◆ Data for this task:
────────────────

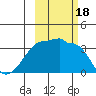 Chuginadak Island tide chart for Wednesday, October 18, 2023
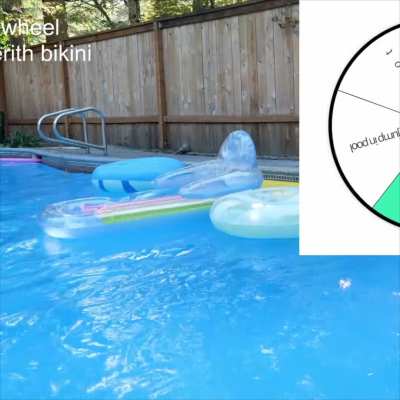 Catplant 👙 Stream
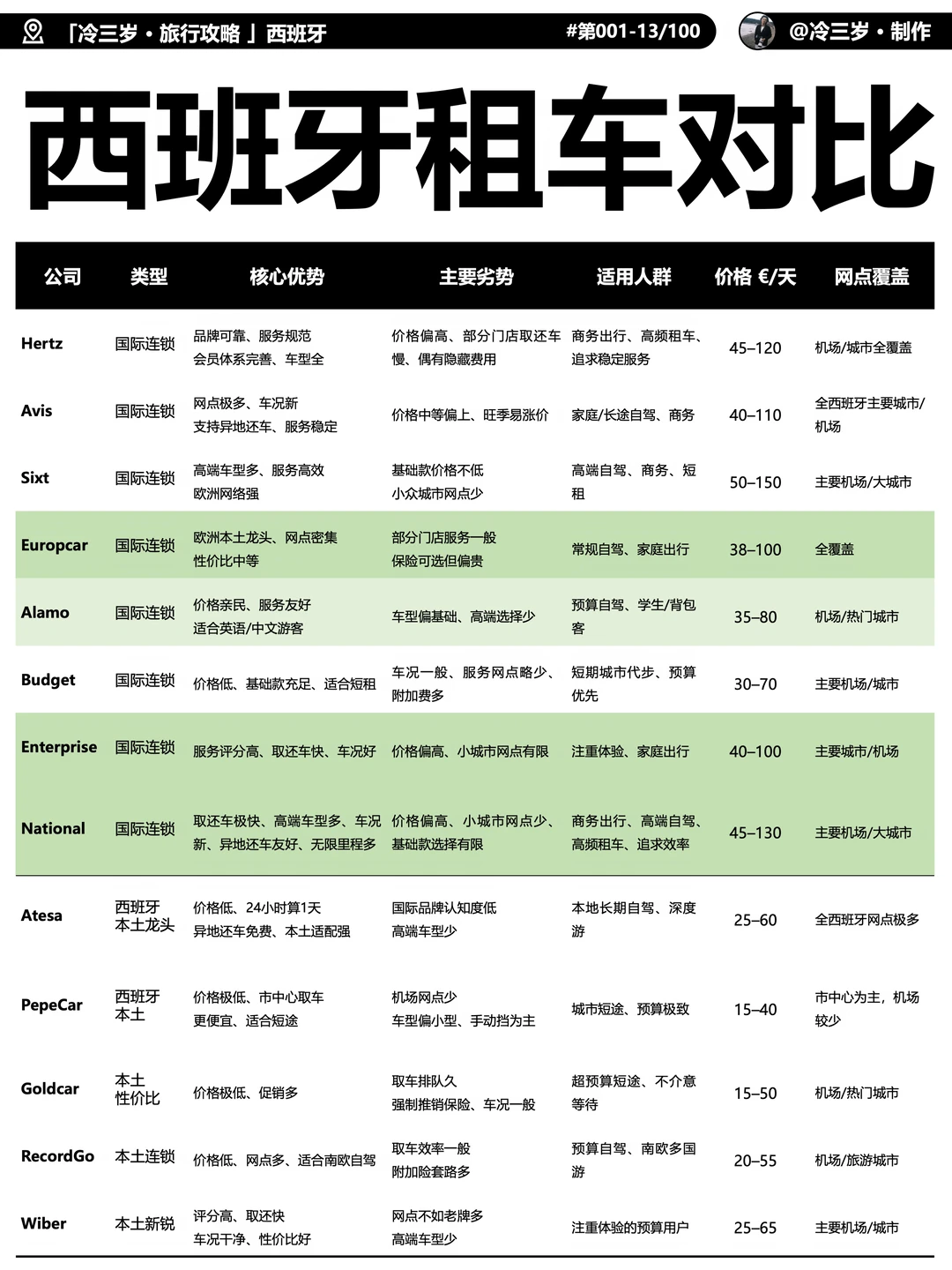 西班牙自驾攻略！有啥坑，怎么选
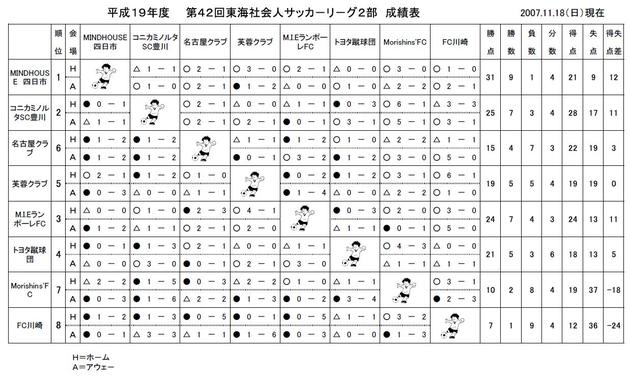 平成１９年度　第４２回東海社会人サッカ－リ－グ２部　成績表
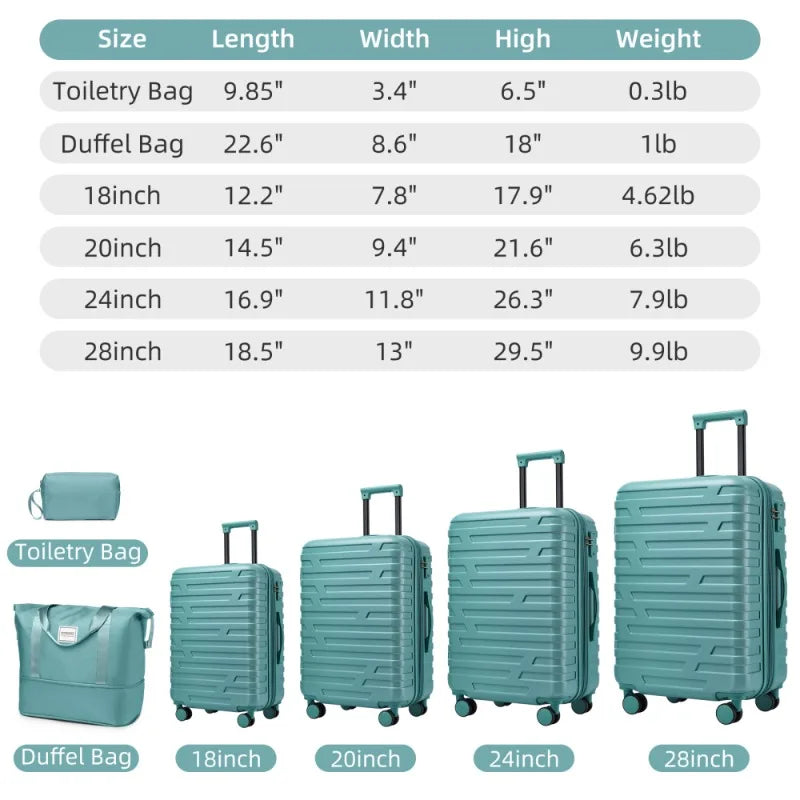 6 Piece Hardside Expandable Luggage Set with Duffel Bags Spinner Wheels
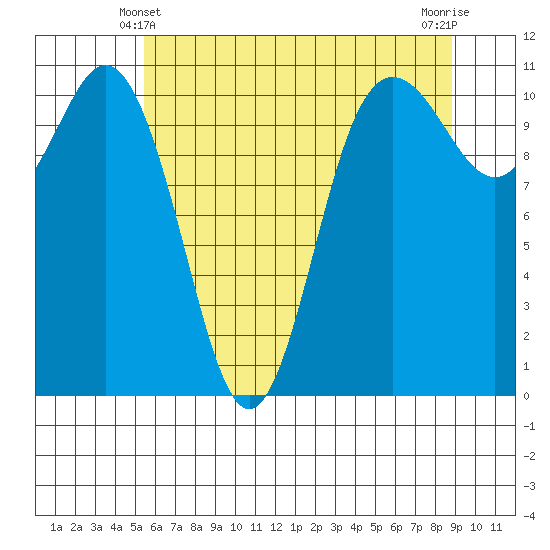Hoodsport tide chart for Tuesday, May 21, 2024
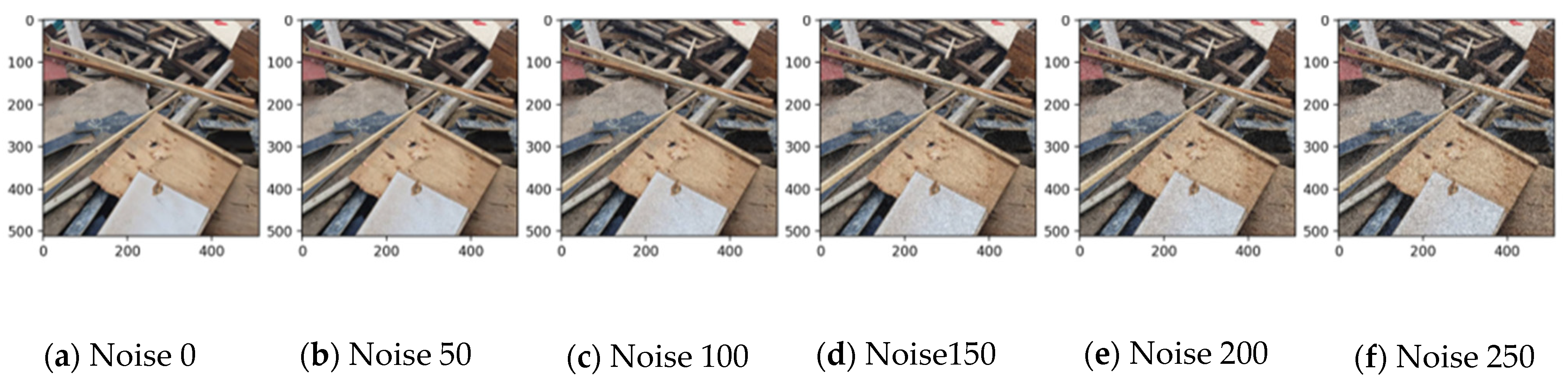 Buildings 12 00175 g007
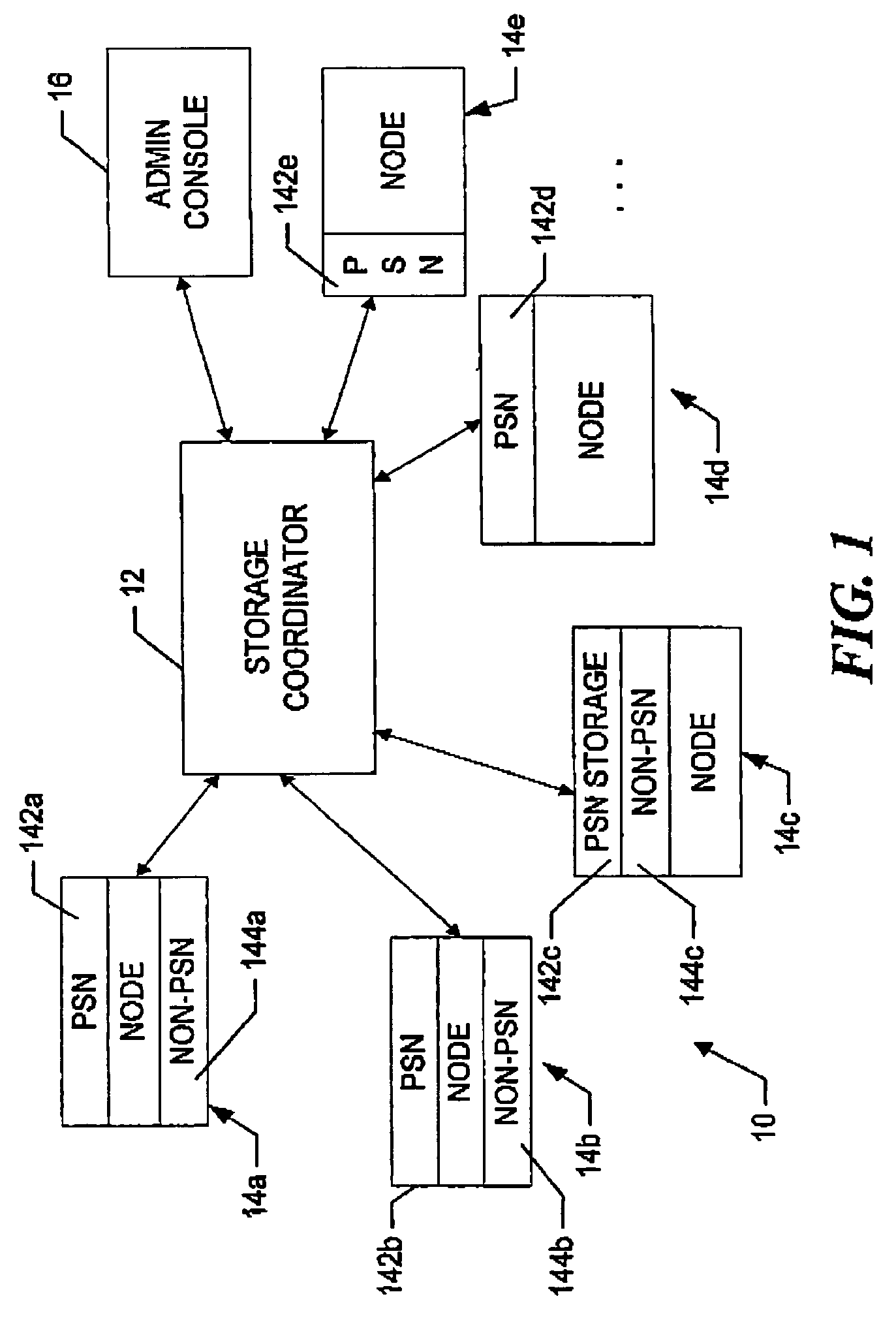 Peer to peer enterprise storage system with lexical recovery sub-system
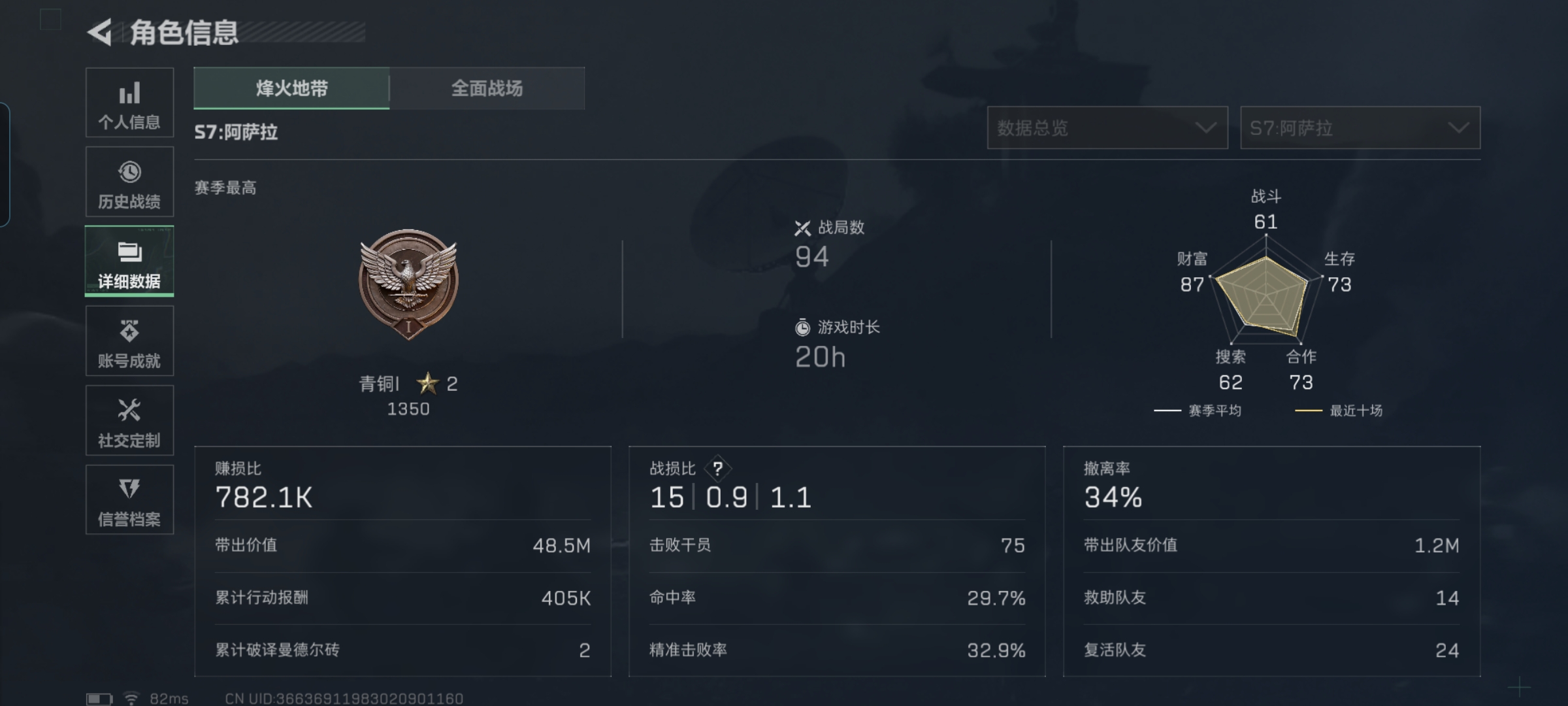 SJZQM418283三角洲行动账号详情图4 SJZQM418283三角洲行动账号详情图4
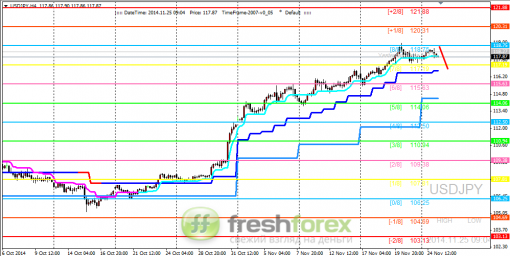 forex-trading-25112014-3.png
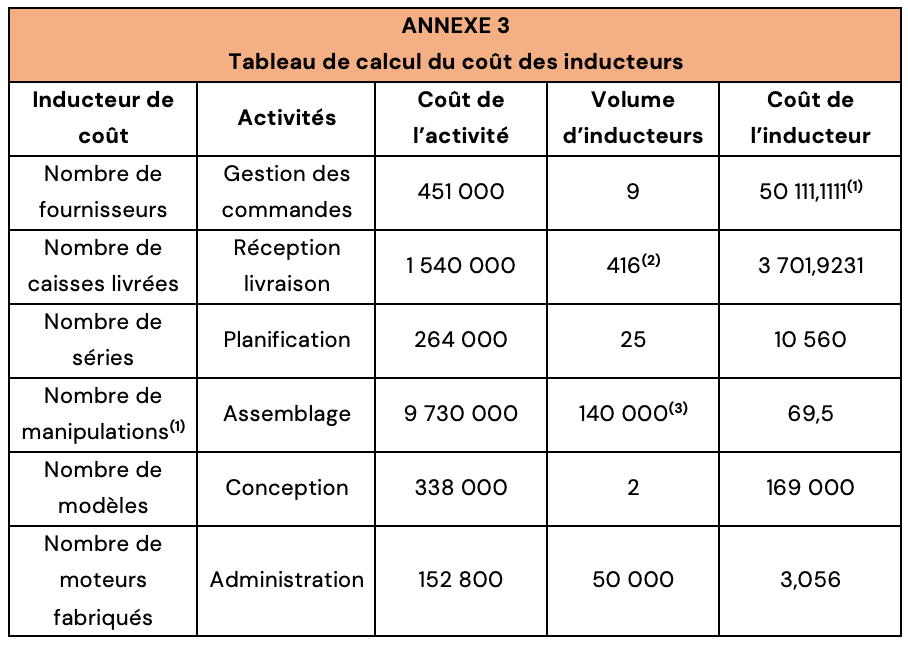 Méthode ABC : cours, exemples et exercices corrigés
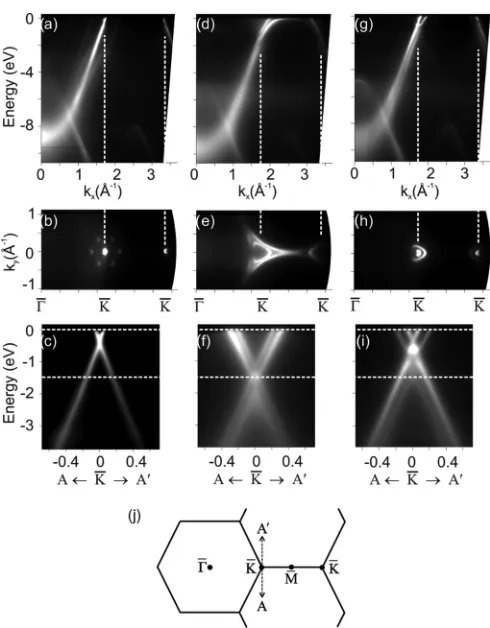 FIG. 1. Band dispersion recorded from monolayer graphene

────────────────

◆ What this task involves: Beginning at the line containing "Buildings 12 00175 g007", restate every line through the end of the material above exactly; omit the pictures.

◆ Solution to this task:
 Buildings 12 00175 g007
 Peer to peer enterprise storage system with lexical recovery sub-system
 SJZQM418283三角洲行动账号详情图4 SJZQM418283三角洲行动账号详情图4
 forex-trading-25112014-3.png
 Méthode ABC : cours, exemples et exercices corrigés
 FIG. 1. Band dispersion recorded from monolayer graphene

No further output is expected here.